Exercise aim —
The expected output is an exact copy of the lines from the one containing "Traveler found with" through the final line of the entries below, with no images.

Captioned web images
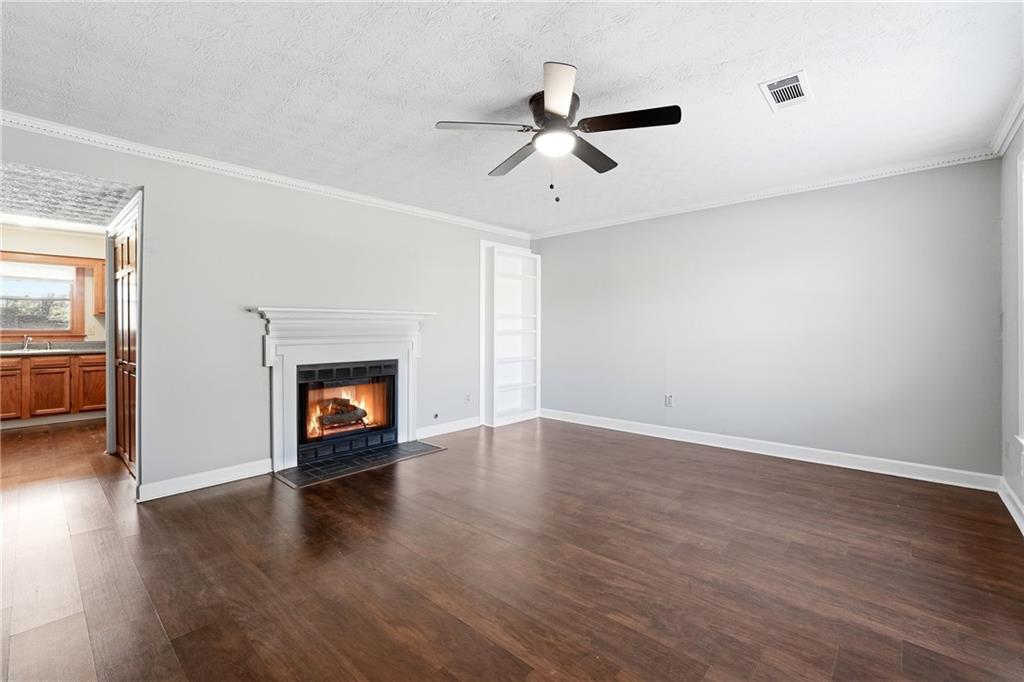 6148 Winfield Court Tucker, GA 30084 - Photo 2 of 27 an empty room with wooden floor fireplace and windows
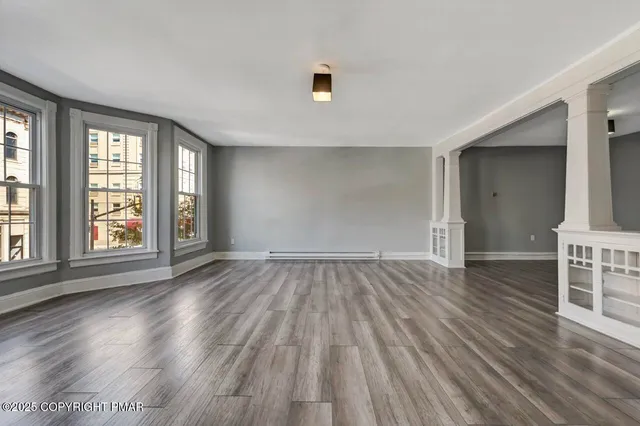 a view of a building with car parked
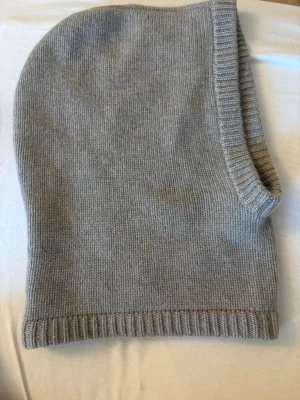 Ljusgrå stickad balaclava från Soft Goat - Säljer en ljusgrå stickad balaclava från Soft Goat. Den är ribbstickad i kanterna och har en mjuk, enkel design som passar perfekt för kalla dagar. Tillverkad i kashmir för extra lyxig känsla och värme.
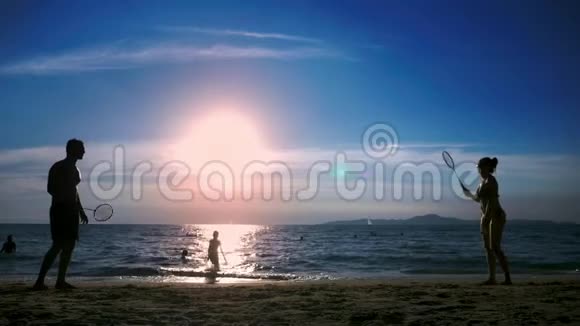 剪影人们在日落时在海滩上打羽毛球视频的预览图
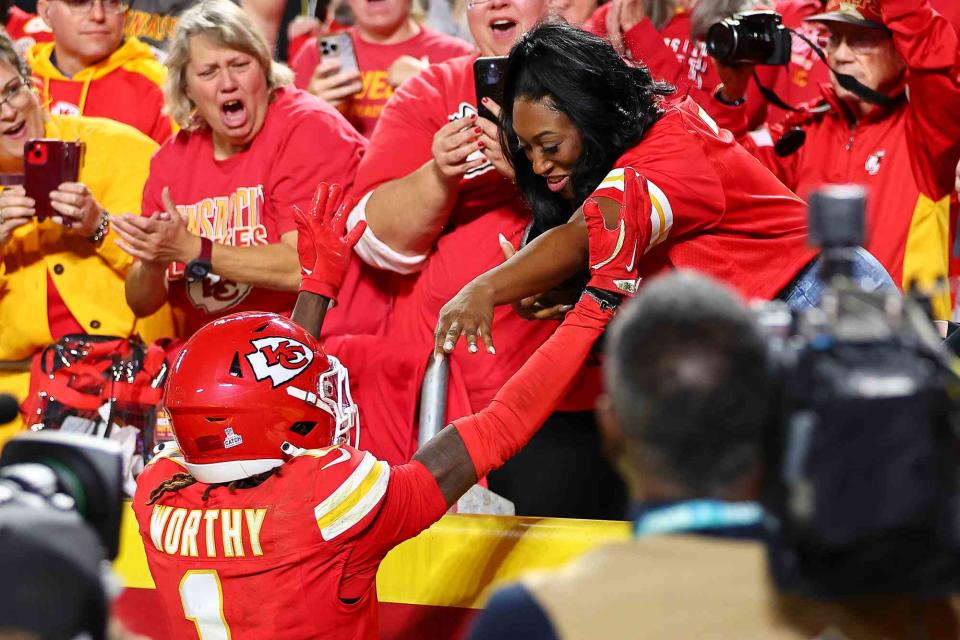 <p>Andrew Mather/Kansas City Chiefs via AP</p> Kansas City Chiefs wide receiver Xavier Worthy (1) and his mother Nicky Jones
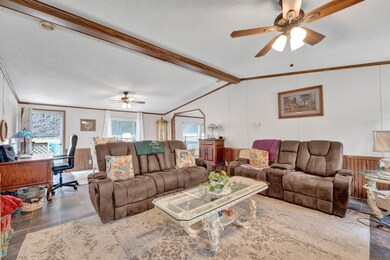 Living room featuring vaulted ceiling with beams, 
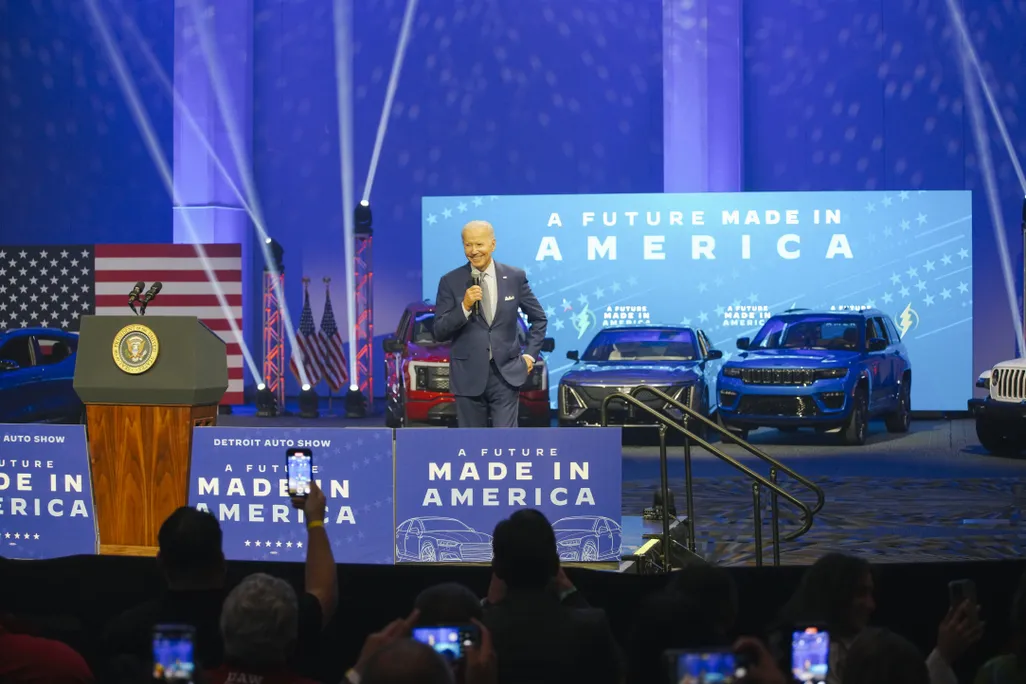President Biden on a stage with cars and signs that read "A future made in America"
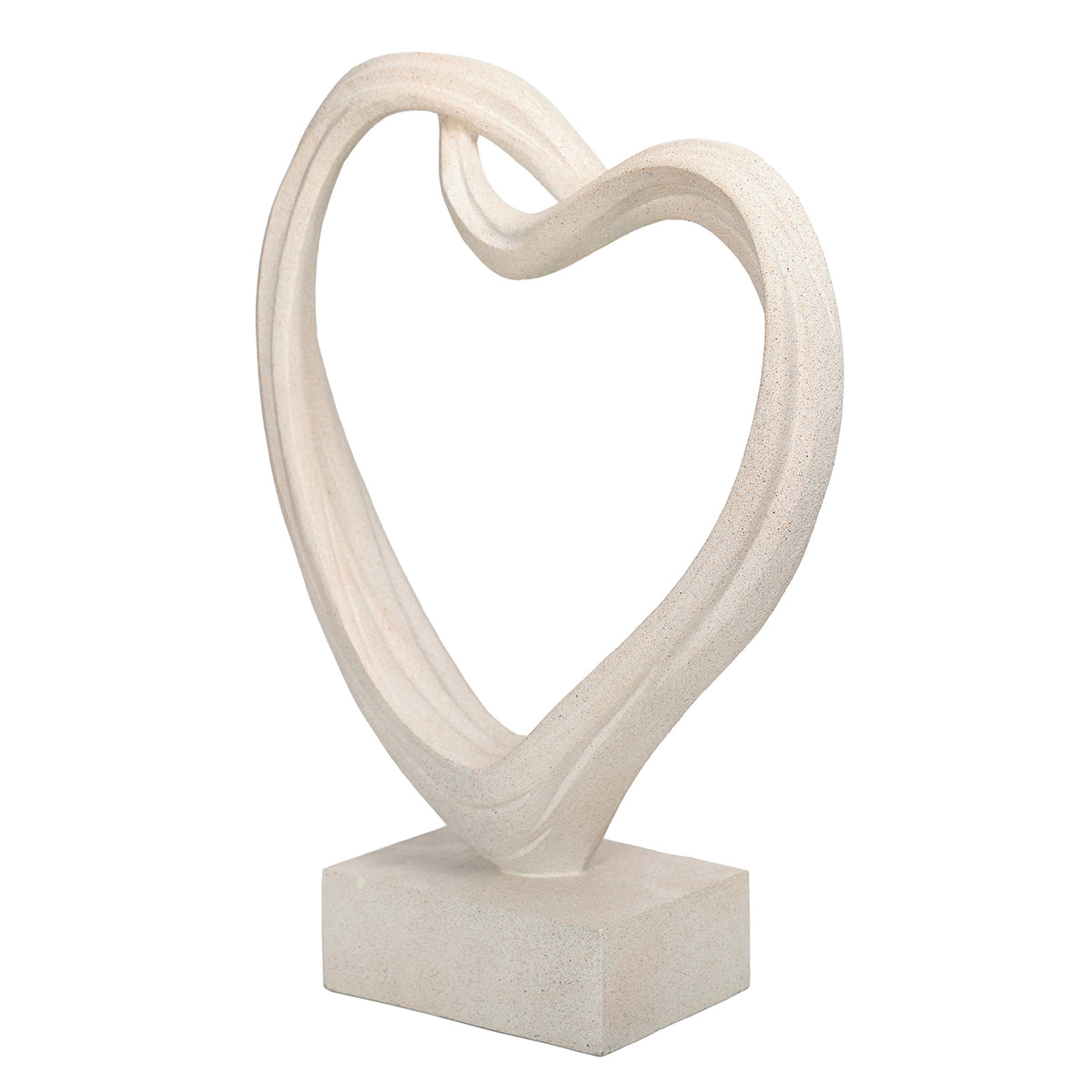 Angled view of the white heart sculpture showing the depth of its curved form and rectangular plinth.
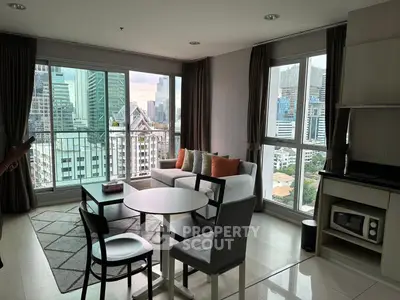 Modern living room with city view, stylish furniture, and large windows in high-rise apartment.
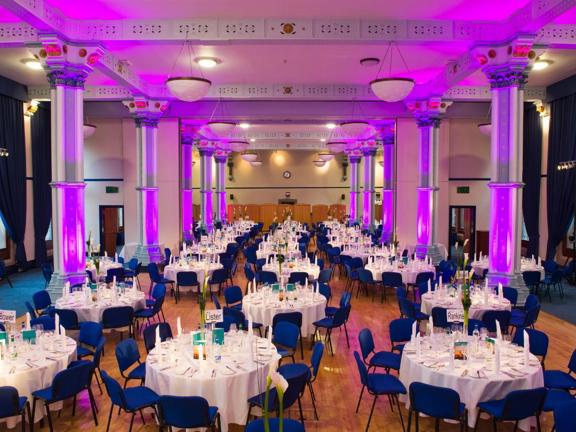 Room set up with round tables for dinner, white linen table coverings with blue chairs around the tables. Ornate pillars in the room are washed in pink/purple light.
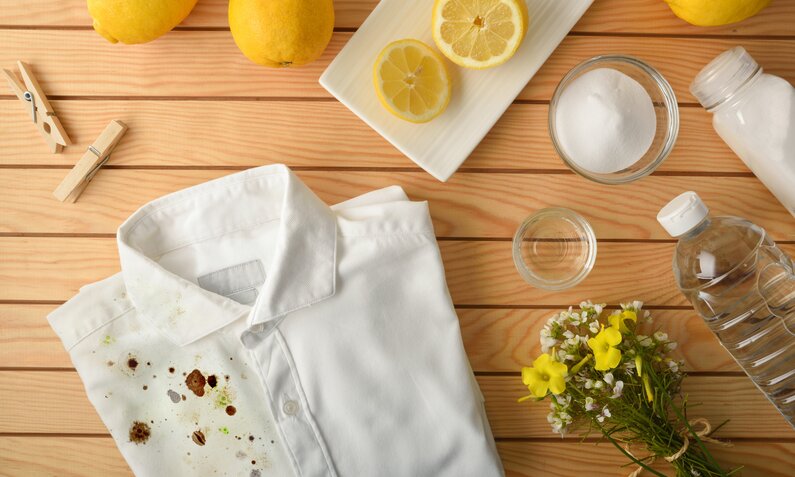 Weißes Hemd mit Flecken neben Zitronen und Hausmitteln auf Holztisch. | © Getty Images/ Davizro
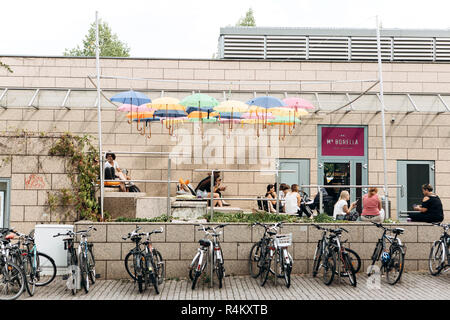 Deutschland, Leipzig, September 6, 2018: Kreative cafe in Leipzig. Viele bunte Sonnenschirme hängen Overhead. Menschen entspannen, plaudern und Essen Stockfoto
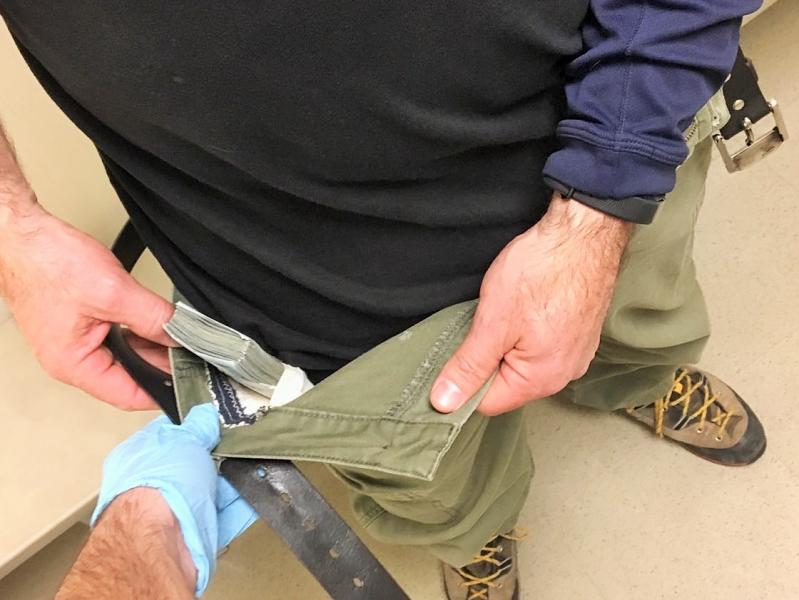 Traveler found with $10K sewn into the lining of his pants at Boston Logan Airport.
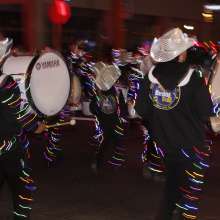 Gadsden's Marching Band Drumline marching down the parade with hats and uniforms strung up with Christmas lights.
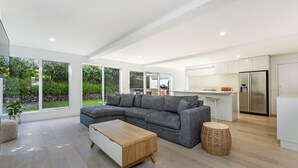 A modern living room with a grey sectional sofa, a wooden coffee table, and a wicker side table. - A Family home made for beach holidays & sunshine (PORT FAIRY)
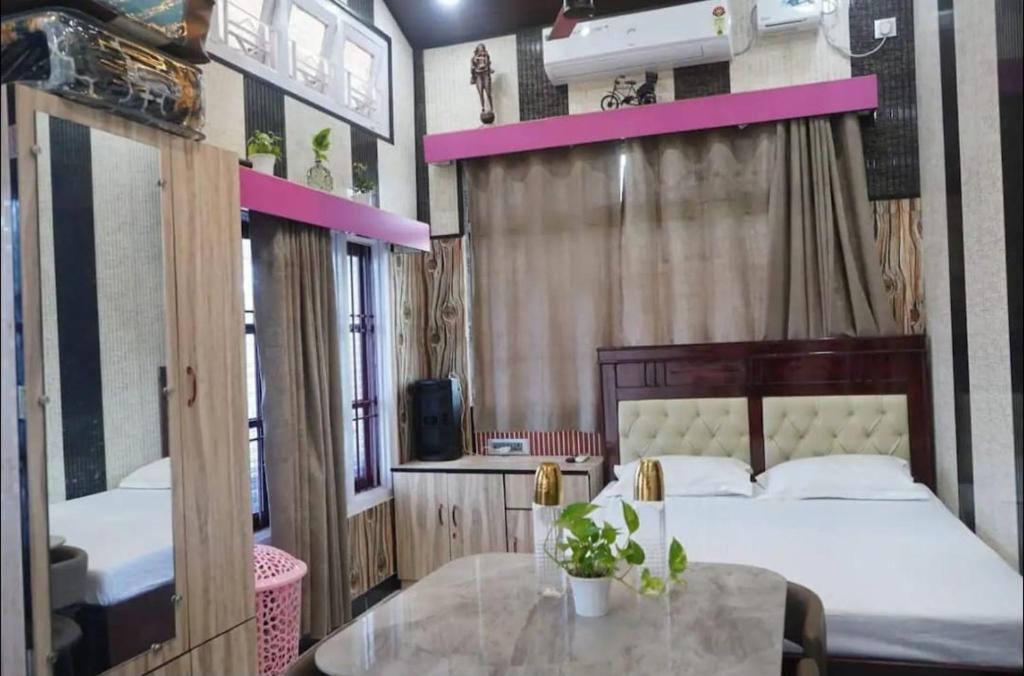 a room with two beds and a table in it at Sukoon Villa in Tezpur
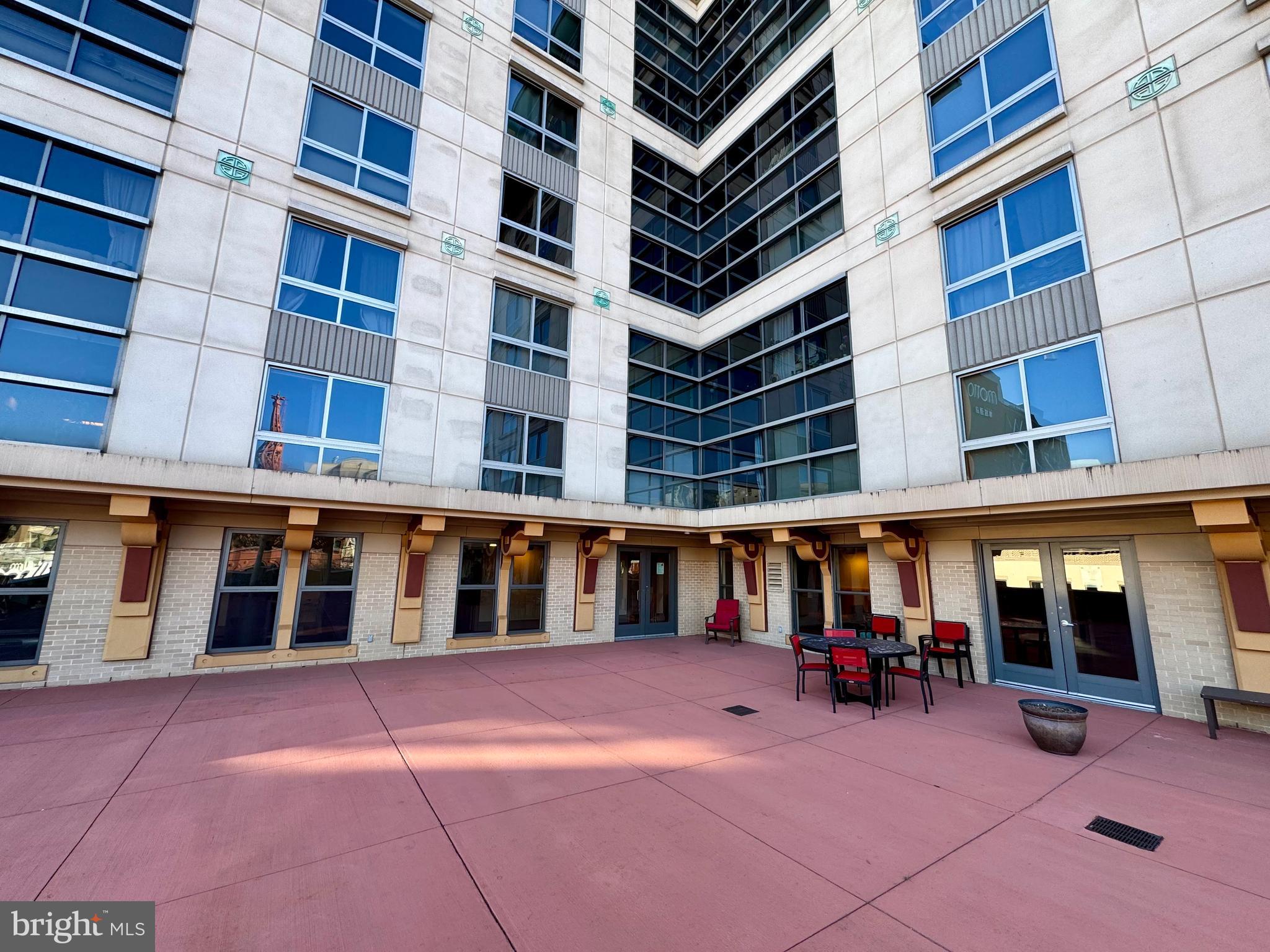 777 7th Street Northwest, Unit 322 Washington, DC 20001 - Photo 20 of 23 a view of building with large windows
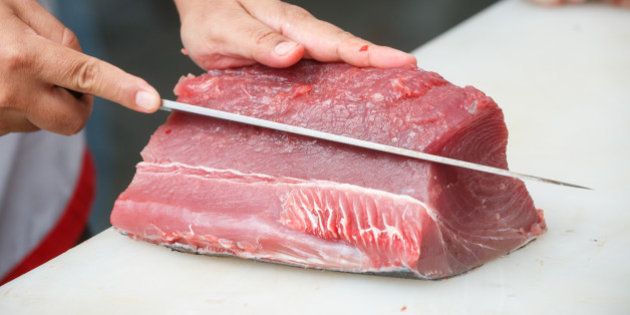 cutting tuna on a white table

Exercise answer —
 Traveler found with $10K sewn into the lining of his pants at Boston Logan Airport.
 Gadsden's Marching Band Drumline marching down the parade with hats and uniforms strung up with Christmas lights.
 A modern living room with a grey sectional sofa, a wooden coffee table, and a wicker side table. - A Family home made for beach holidays & sunshine (PORT FAIRY)
 a room with two beds and a table in it at Sukoon Villa in Tezpur
 777 7th Street Northwest, Unit 322 Washington, DC 20001 - Photo 20 of 23 a view of building with large windows
 cutting tuna on a white table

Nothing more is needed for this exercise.